In 2015, on the verge of the Anzac Day commemorations in New Zealand, O'Malley questioned whether the large amount money allocated to this event was justified and took the position that the "casualty rates...[in the New Zealand wars]...might actually have been higher on a per capita basis than the horrendous losses suffered by New Zealand troops during World War I". O'Malley suggests that what he calls "historical amnesia" with respect to the New Zealand Wars, may be because they "do not rouse nationalist pride...[and]...who wants troubling introspection when we can have heart-warming patriotism instead?"

The point has been made by O'Malley that "any discussion of contemporary Māori poverty that fails to acknowledge the long history of invasion, dispossession and confiscation is missing a vital part of the story". He has said that the wars were more than just a question of land ownership and underpin the nature of relationships between Maori and Pākehā and how they can live together in New Zealand. Interviewed by Jesse Mulligan on RNZ in September 2024, O'Malley said the Wars were significant because they defined the kind of country New Zealand was at the time and "what it aspired to become", noting victory by the Crown and scant regard for the Treaty of Waitangi has resulted in many issues around acknowledging rangatiratanga for Māori that are still under debate. His position on the way forward is to "learn the details of some of those terrible incidents they are difficult to erase from the memory...[and]...understanding, mutual respect and dialogue will bring us together not tear us apart. It's about reconciliation, not recrimination".

===Early interactions between Māori and European settlers===
Referring to initial contacts between Māori and Pākehā, O'Malley said in an interview that the "process of discovery and encounter is a mutual one...[and to]...think that Māori [were] just sitting on the shore waiting for Abel Tasman or James Cook to turn up...[was]...certainly not the case".
The Meeting Place: Māori and Pākehā Encounters, 1642-1840 written by O'Malley in 2012, is seen by one reviewer as being significant because it focusses on a time when Māori and the European settlers generally cooperated in meeting mutual needs to access goods and technology in a rough balance of power, although the settlers were dependent on the generosity of Maori. In the book, using a model, the 'middle ground', as first presented by Richard White in his history of the Great Lakes region of North America, O'Malley contends that some of the elements of what White called 'middle ground' - such as confrontation, enough of a balance of power to prevent one side compelling the other, and mutual need - existed in New Zealand from 1642 to 1840, and in particular in the years between 1814 and 1840. Another reviewer supports O'Malley's basic argument in the book that between 1769 and 1840, New Zealand was a site of "cultural interaction and exchange between Māori and Pākehā", and was an opportunity for an outcome that may have "avoided the harsh racism that described race relations by the later part of the century, and which New Zealand, like the other settler colonies, had to live with for a century". Beyond the Imperial Frontier: The Context for Colonial New Zealand (2014), is a series of essays collated by O'Malley that explore the ways Māori and Pākehā interracted in the years before 1840 when there was a degree of cooperation, to the decades after the signing of the Treaty of Waitangi which are seen as being more competitive. One reviewer said the essays "explore some of the legal, social, judicial, military and political instruments employed by the Crown to extend its areas of influence, setting those against Māori strategies developed in response".

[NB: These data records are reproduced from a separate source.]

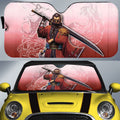 Auron Car Sunshade Custom Car Accessories - Gearcarcover - 1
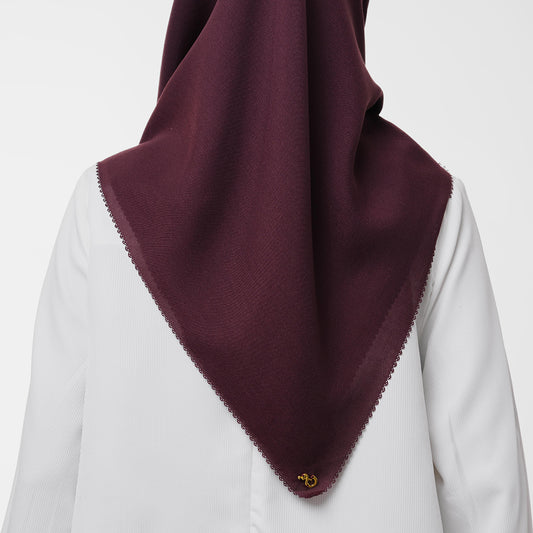 Sada Scarf Merlot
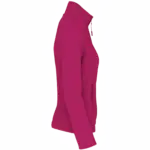 PS_K907-S_FUCHSIA - Hidalgo-werbeartikel Microfleece met rits dames, fuchsia — productfoto 16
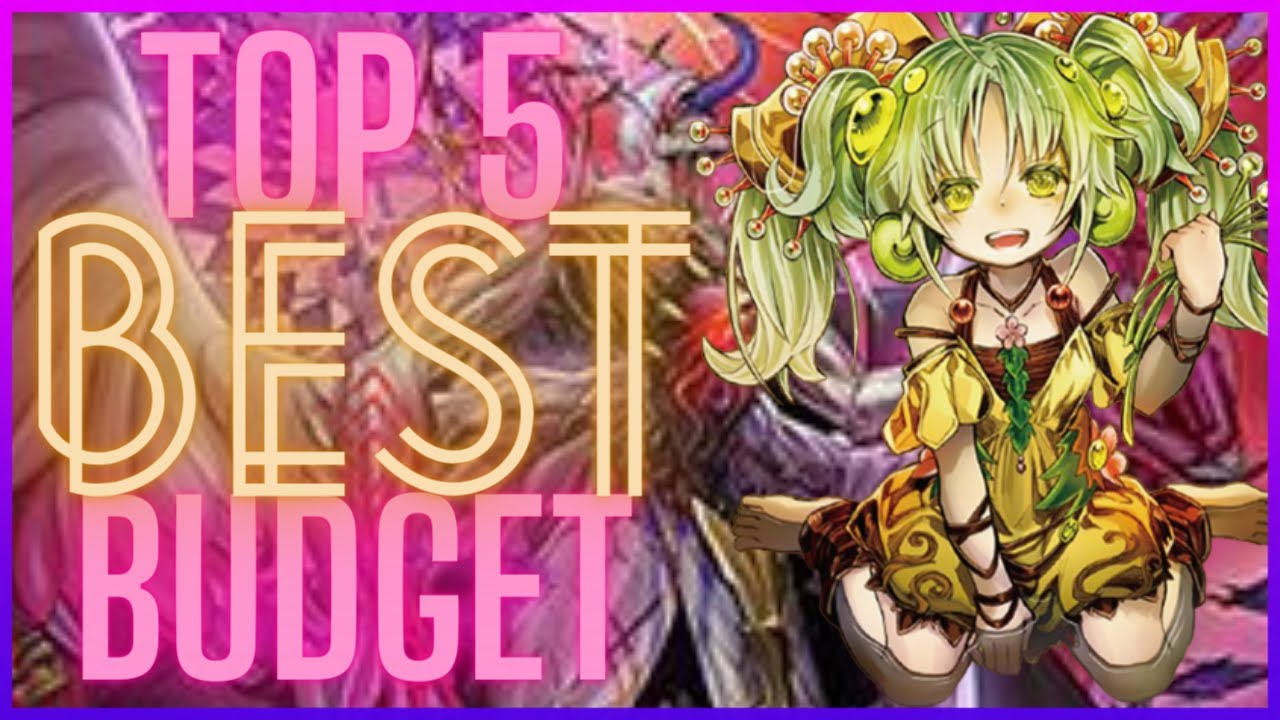 TOP 5 BEST BUDGET YUGIOH DECKS OF FEBRUARY/MARCH 2023 YouTube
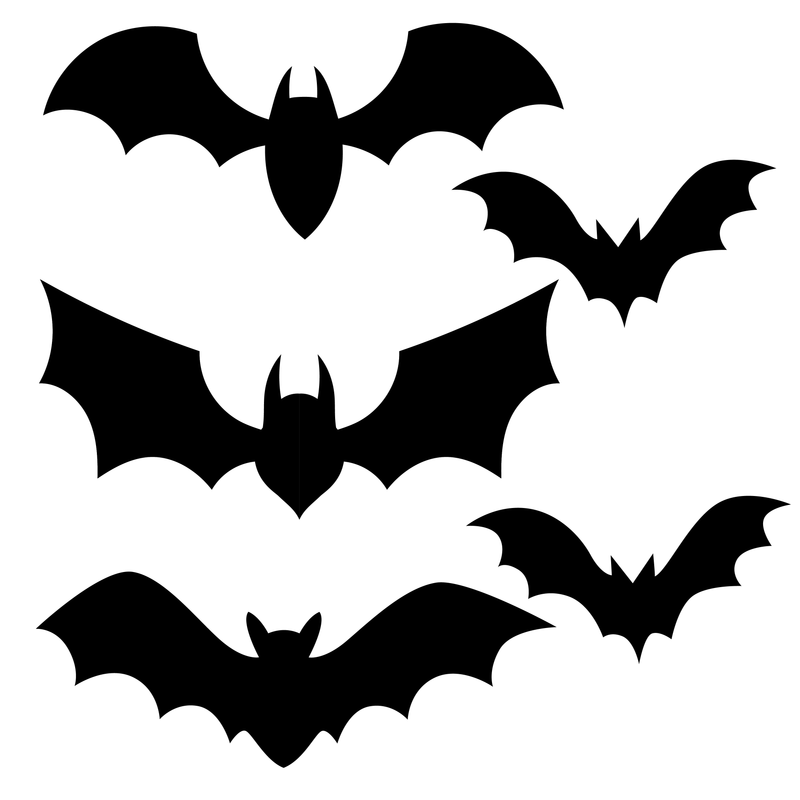 Bats - Window Decal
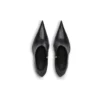 Witch 110 mm Stiefeletten «Black Sheepskin» 747603WBCW01000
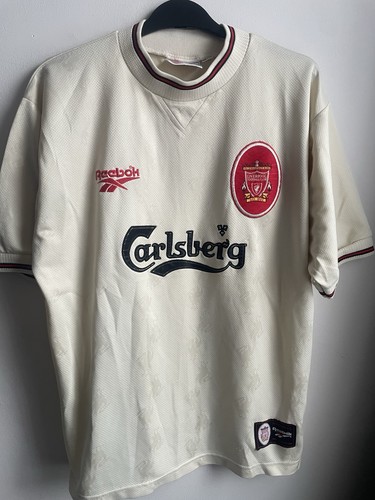 Liverpool away shirt 1996 1997 - shirt, 1996/1997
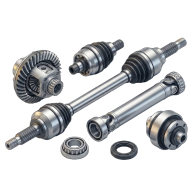 Transmission par essieu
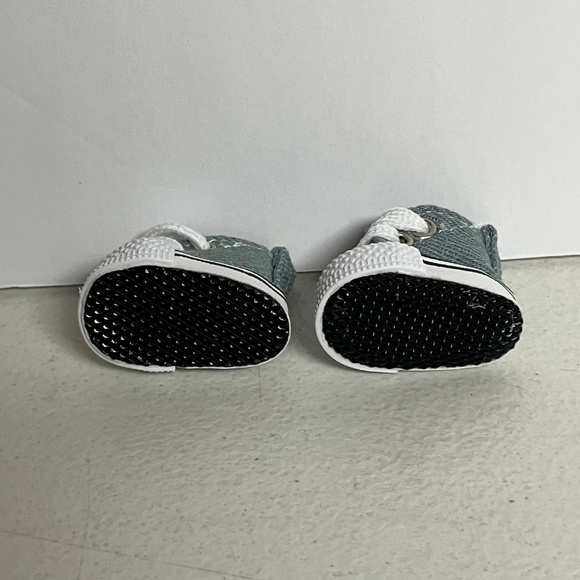 Designer Sneakers For Labubu Shoes Grey Blue Accessories Shoe Clothing Sneaker - Picture 7 of 7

A commentator has noted O'Malley shows evidence that, despite the settlers being dependent on Māori, some violent conflicts did occur. According to O'Malley these varied greatly in different parts of the country, and although there was a risk to the balance of power due to the numerical superiority of Māori and their increased access to firearms, appreciation of mutual needs by both parties meant there were incentives to maintain peace. O'Malley's writing of this period, according to a reviewer, "conveys lucidly and with vivid and pertinent examples, the way that the history of imperial encounter developed through a dynamic that was locally driven, as well as imperially determined, and one that was driven by the past rather than being directed by certain future".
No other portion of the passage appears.